Kuala Lumpur

Kuala Lumpur, or KL (they love abbreviating things out here, one bloke I sat next to on the bus insisted he supported MU) is a big, clean, efficient, but above all wet city – at least it was when we were there! Its population, along with the rest of Malaysia, is made up of a curious ethnic and religious blend of Malays, Indians, Chinese, Muslims, Hindus, Buddhists and Christians. This makes for an interesting mix of language, cuisine and architecture.

As we had very little time in Kuala Lumpur, we sorted out a room after arriving on the bus and immediately went out sight-seeing to the Batu Caves. The Batu Caves are Hindu-worshipped naturally formed caves that are a 12k bus ride out of town. We got off the bus into a full-blown monsoon! Even after living in England all these years we’d never seen rain like that. Lightning crackled through the air and thunder peeled and clapped off the enormous limestone cliffs in which the caves are housed. In seconds we were soaked through, in minutes the car park we were standing in had turned into a foot-deep lake of water swimming with, amongst other things, people’s flip-flops and shoes! (you have to take your shoes off when entering a temple)

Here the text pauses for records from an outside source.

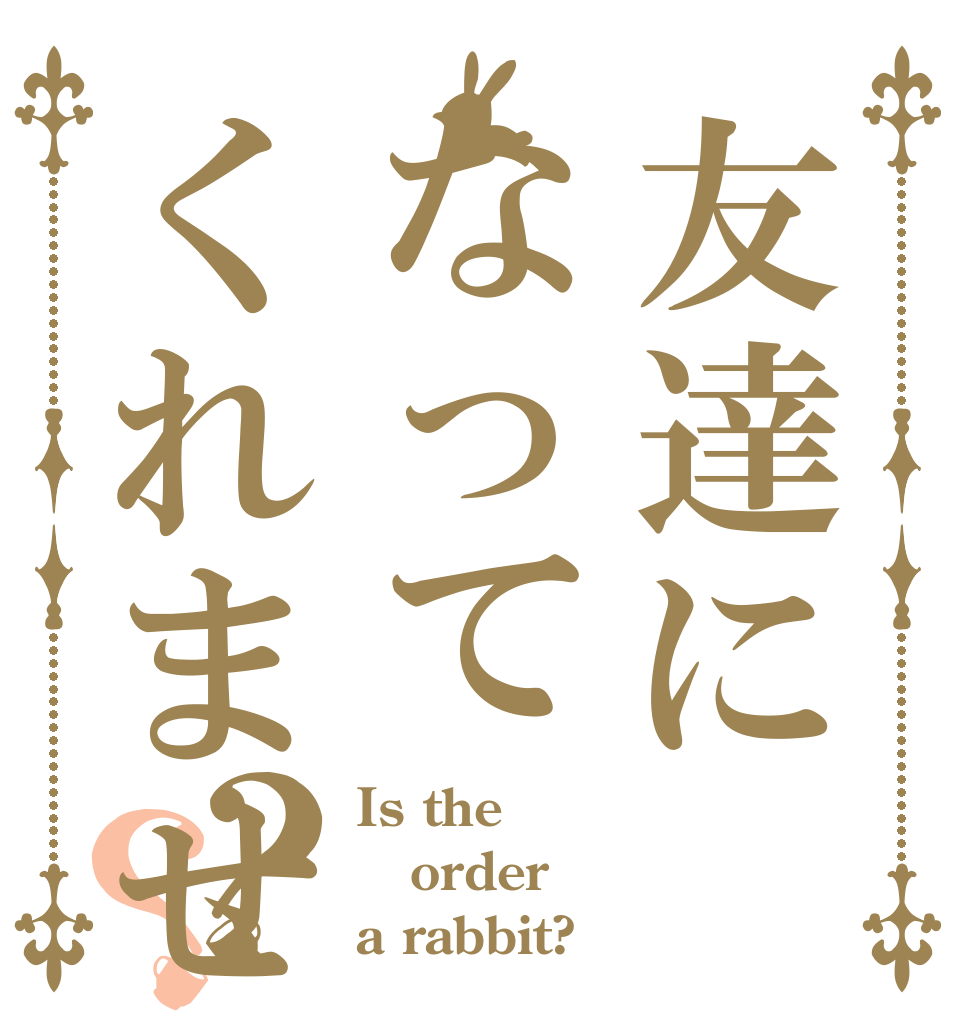 友達になってくれませんか？？ Is the order a rabbit?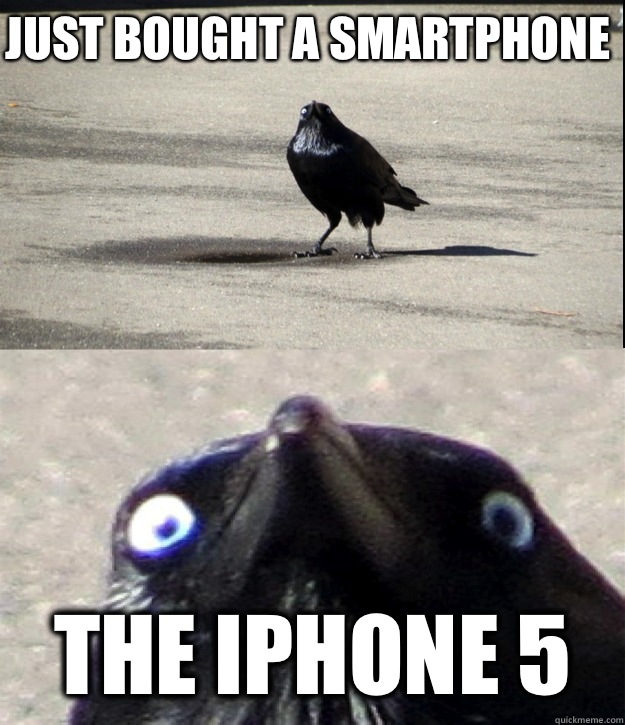 Just bought a smartphone  The iPhone 5  Insanity Crow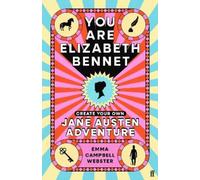 Emma Campbell Webster You Are Elizabeth Bennet (Copertina rigida)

In these conditions we climbed the 272 steps to the huge opening of the caves. There was some sort of Hindu ceremony going on inside which lent the caves an echoey religiousity and statues of the – many – Hindu gods stared at us from within. We were told there would be monkeys wandering around and were a bit put out that none were to be seen. However, as soon as we came out the rain – typically – abated. And then the monkeys descended! about 2 dozen emerged from the trees and began climbing the steps, stealing things from tourists, and growling at Amy!

The next day we wandered around the city, first to the Petronas towers – the tallest in the world until 2004 – and then to the KL tower; which we were about to ascend when – you guessed it – it started monsooning again!

We got the overnight train to Singapore which would have been a most comfortable train journey if it wasn’t for a Japanese and an Indian guy discussing the vagaries of the world economy – very loudly – into the small hours.

Unfortunately we didn’t have enough time in Malaysia; we only had 5 days to travel all the way from Thailand to Singapore. On the way we stopped in Georgetown, on an island called Penang. It was a world heritage site but we didn’t have any free time to explore, we literally just slept and left. The country has a lot to offer, and may be one to come back to in the future.